§ **About this task**
Count up the lines below that include the string "Picture" and report the number by itself.

[Saved data entries]
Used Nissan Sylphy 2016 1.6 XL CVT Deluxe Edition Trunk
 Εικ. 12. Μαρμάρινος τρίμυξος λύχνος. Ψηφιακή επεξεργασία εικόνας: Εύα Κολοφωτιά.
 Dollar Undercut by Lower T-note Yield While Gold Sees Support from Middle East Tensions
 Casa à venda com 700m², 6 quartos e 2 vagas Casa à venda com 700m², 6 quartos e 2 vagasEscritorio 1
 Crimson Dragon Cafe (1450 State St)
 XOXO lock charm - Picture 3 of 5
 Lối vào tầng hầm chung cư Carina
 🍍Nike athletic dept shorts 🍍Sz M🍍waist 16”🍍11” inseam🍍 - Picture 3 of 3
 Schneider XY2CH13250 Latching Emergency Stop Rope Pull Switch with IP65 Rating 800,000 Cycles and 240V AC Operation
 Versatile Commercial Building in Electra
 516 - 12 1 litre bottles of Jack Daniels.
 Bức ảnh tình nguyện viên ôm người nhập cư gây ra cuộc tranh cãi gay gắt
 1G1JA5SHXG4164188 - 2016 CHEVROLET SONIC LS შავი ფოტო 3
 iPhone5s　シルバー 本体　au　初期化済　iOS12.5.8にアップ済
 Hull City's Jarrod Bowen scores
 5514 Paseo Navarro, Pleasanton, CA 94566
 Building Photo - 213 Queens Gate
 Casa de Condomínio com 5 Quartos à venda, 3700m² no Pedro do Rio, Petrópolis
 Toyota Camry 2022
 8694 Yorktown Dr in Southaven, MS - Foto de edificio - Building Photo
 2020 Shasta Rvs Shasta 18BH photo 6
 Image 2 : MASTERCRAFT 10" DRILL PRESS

§ **Exercise solution**
2